**What you are asked to do**:
Each line of the material must be reproduced exactly; pictures stay out.

**Data for this task**:
►

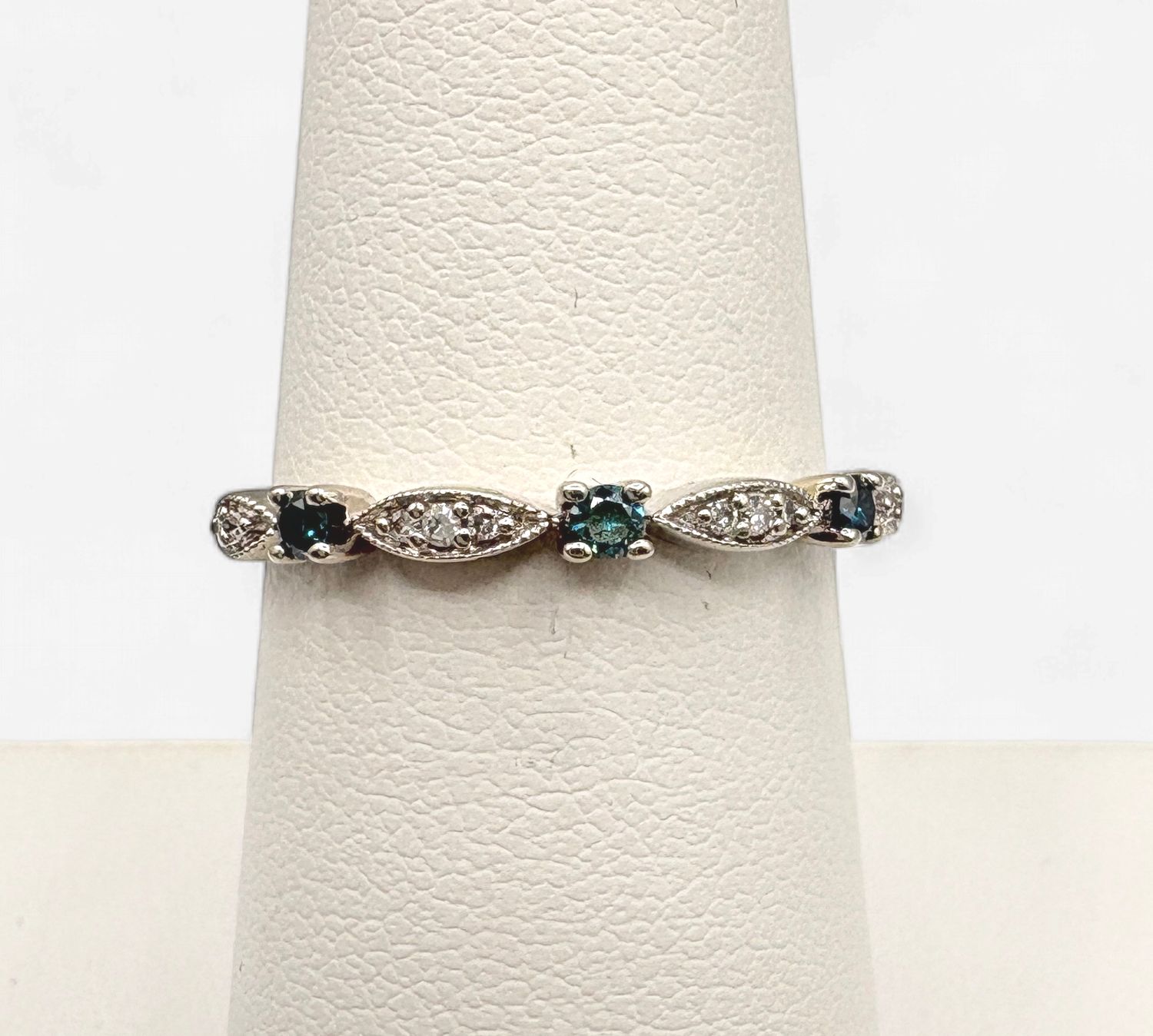 10KW WHITE &amp; BLUE DIAMOND BAND RING SIZE 7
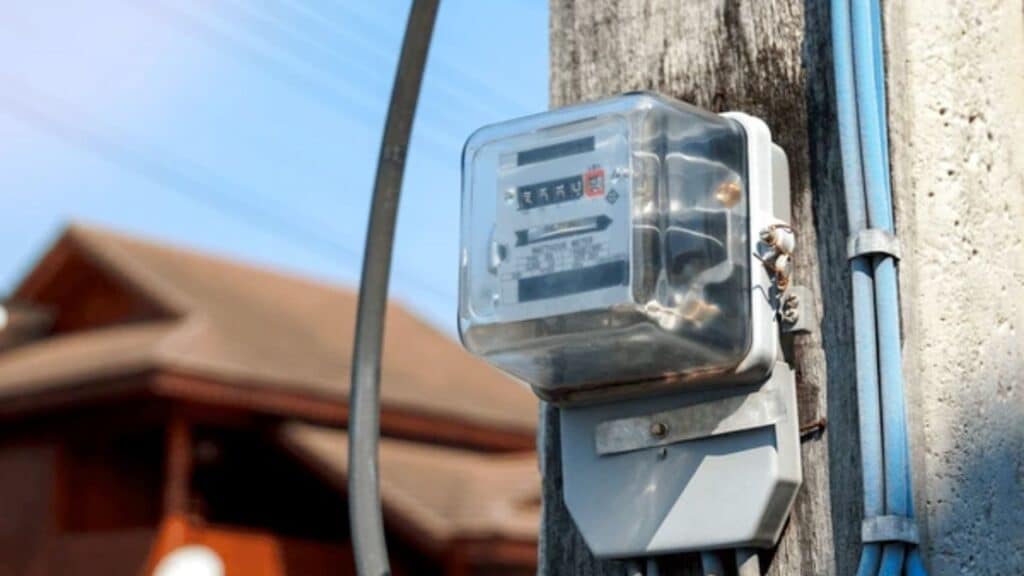 Electricity Bill Saving: Is Your Meter Running Too Fast? Here’s How to Check how to check electricity meter speed
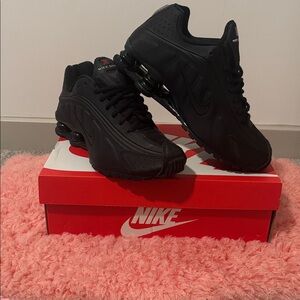 Nike Shox women's Black Athletic Shoes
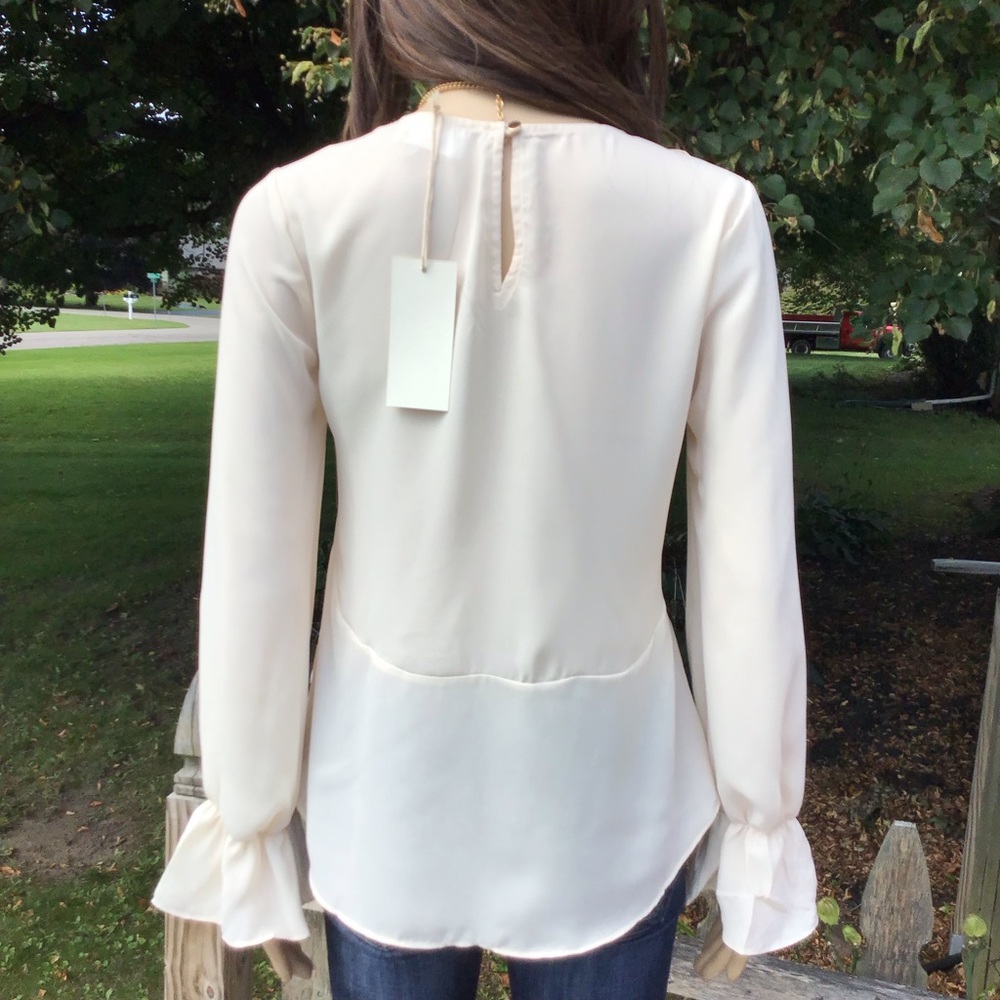 VINTAGE LOOKING IVORY LAYERED  RUFFLE BLOUSE - Picture 6 of 7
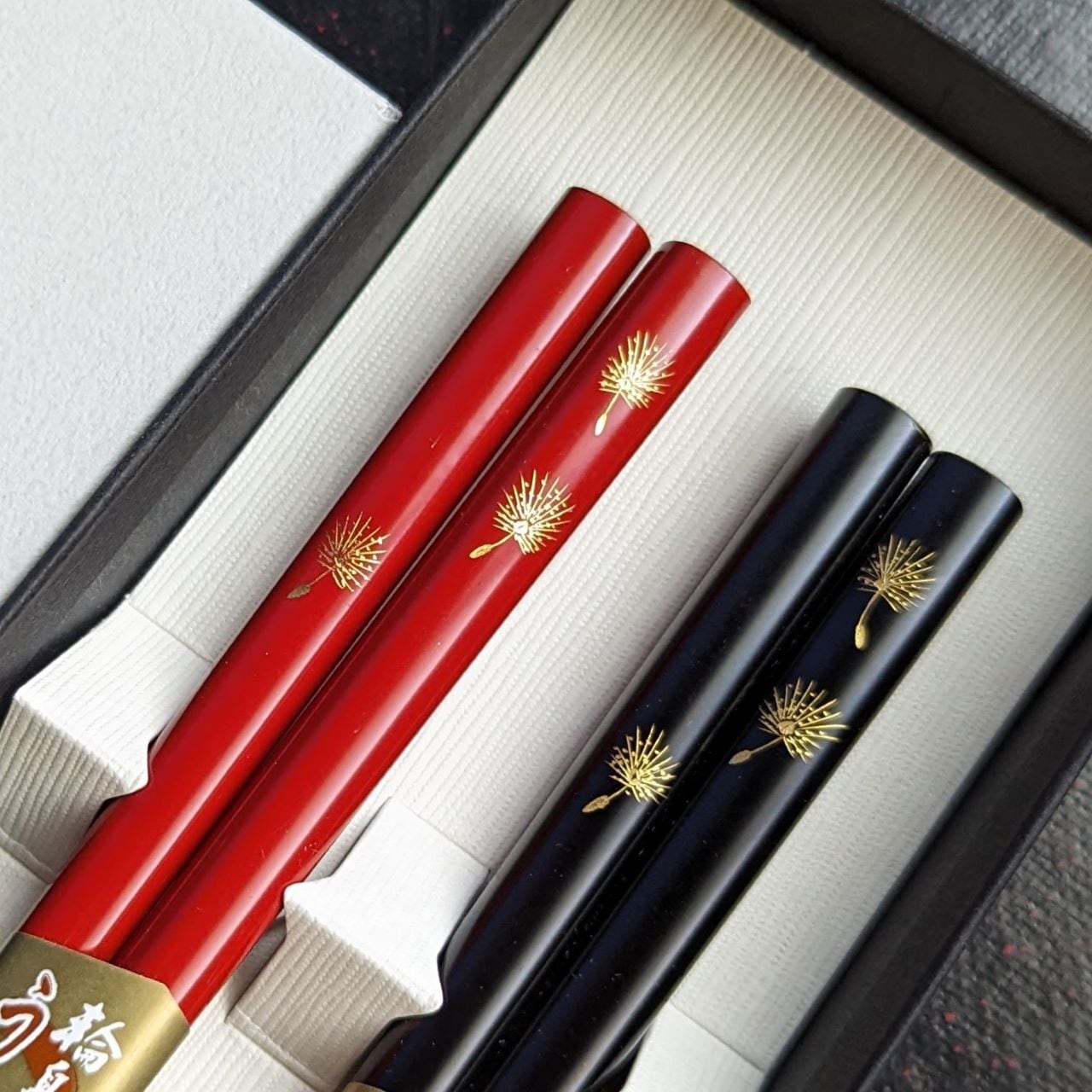 輪島塗 化粧箱二膳入 手彫両面沈金 飛花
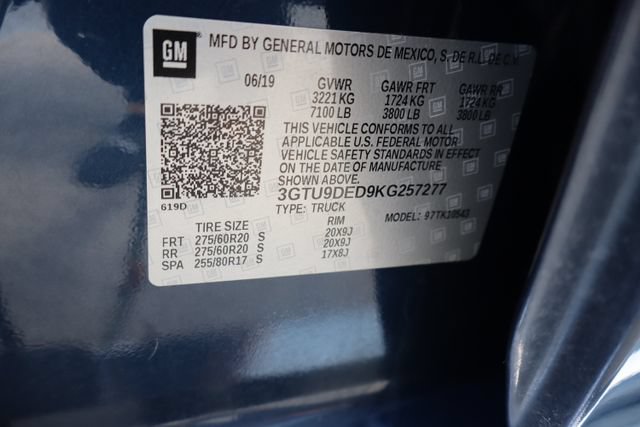 Used 2019 GMC Sierra 1500 SLT w/ SLT Premium Plus Package AWD/4WD image 41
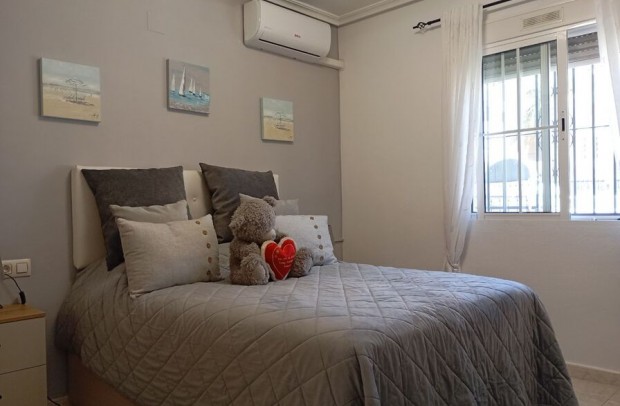 Revente - Detached House / Villa - Villamartin - Villamartín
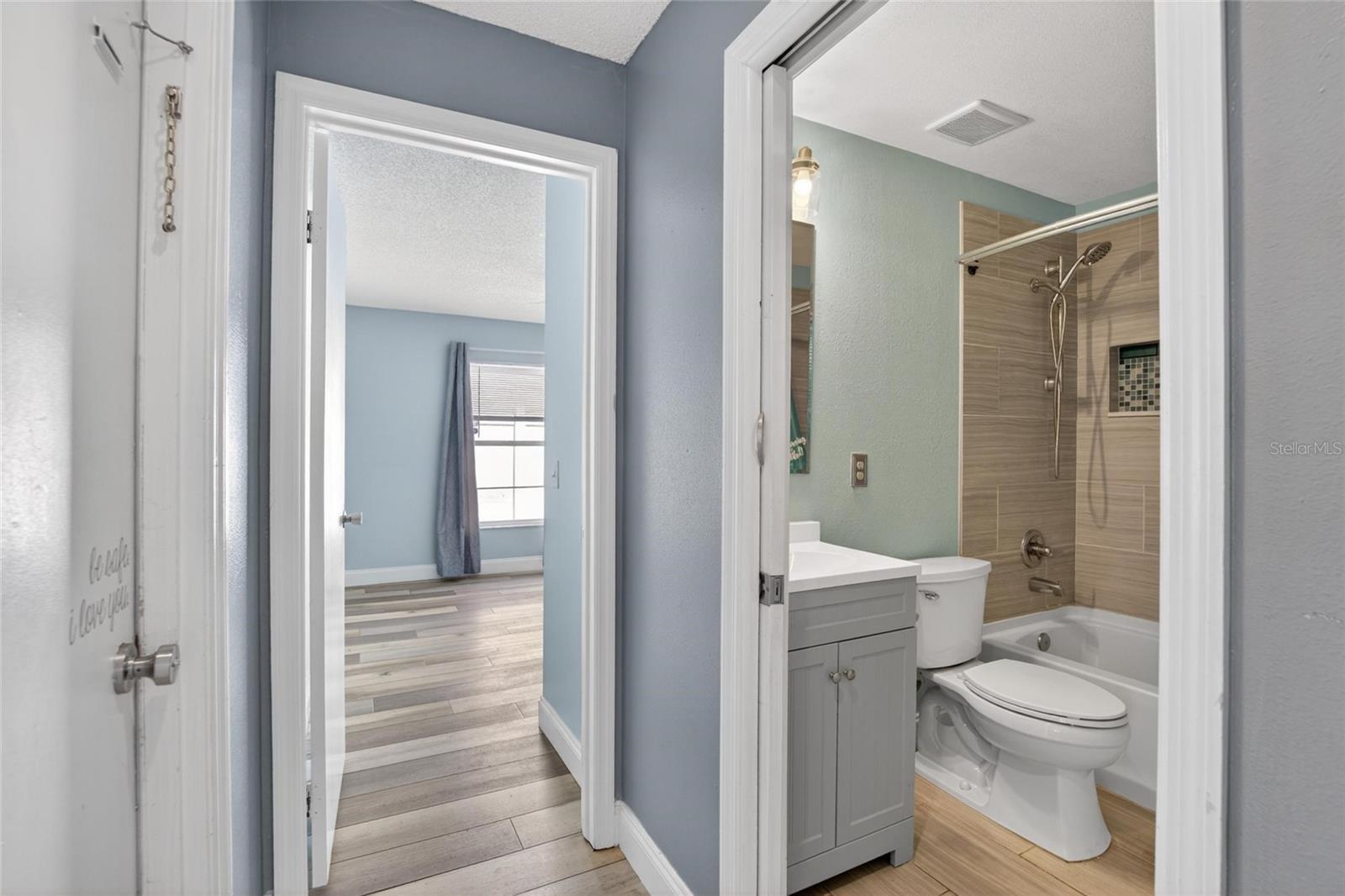 305 SAND RIDGE DR, VALRICO, FL, 33594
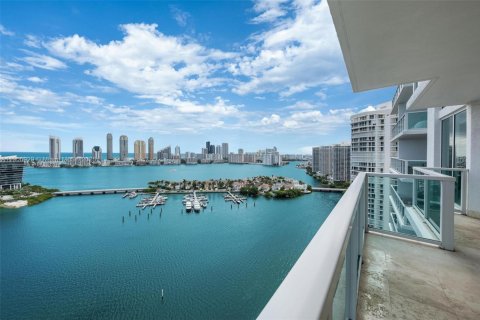 Condominio en alquiler en Aventura, Florida, 3 dormitorios, 303.23 m2 № 1964233 - foto 4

◄

**The completed task**:
 10KW WHITE &amp; BLUE DIAMOND BAND RING SIZE 7
 Electricity Bill Saving: Is Your Meter Running Too Fast? Here’s How to Check how to check electricity meter speed
 Nike Shox women's Black Athletic Shoes
 VINTAGE LOOKING IVORY LAYERED  RUFFLE BLOUSE - Picture 6 of 7
 輪島塗 化粧箱二膳入 手彫両面沈金 飛花
 Used 2019 GMC Sierra 1500 SLT w/ SLT Premium Plus Package AWD/4WD image 41
 Revente - Detached House / Villa - Villamartin - Villamartín
 305 SAND RIDGE DR, VALRICO, FL, 33594
 Condominio en alquiler en Aventura, Florida, 3 dormitorios, 303.23 m2 № 1964233 - foto 4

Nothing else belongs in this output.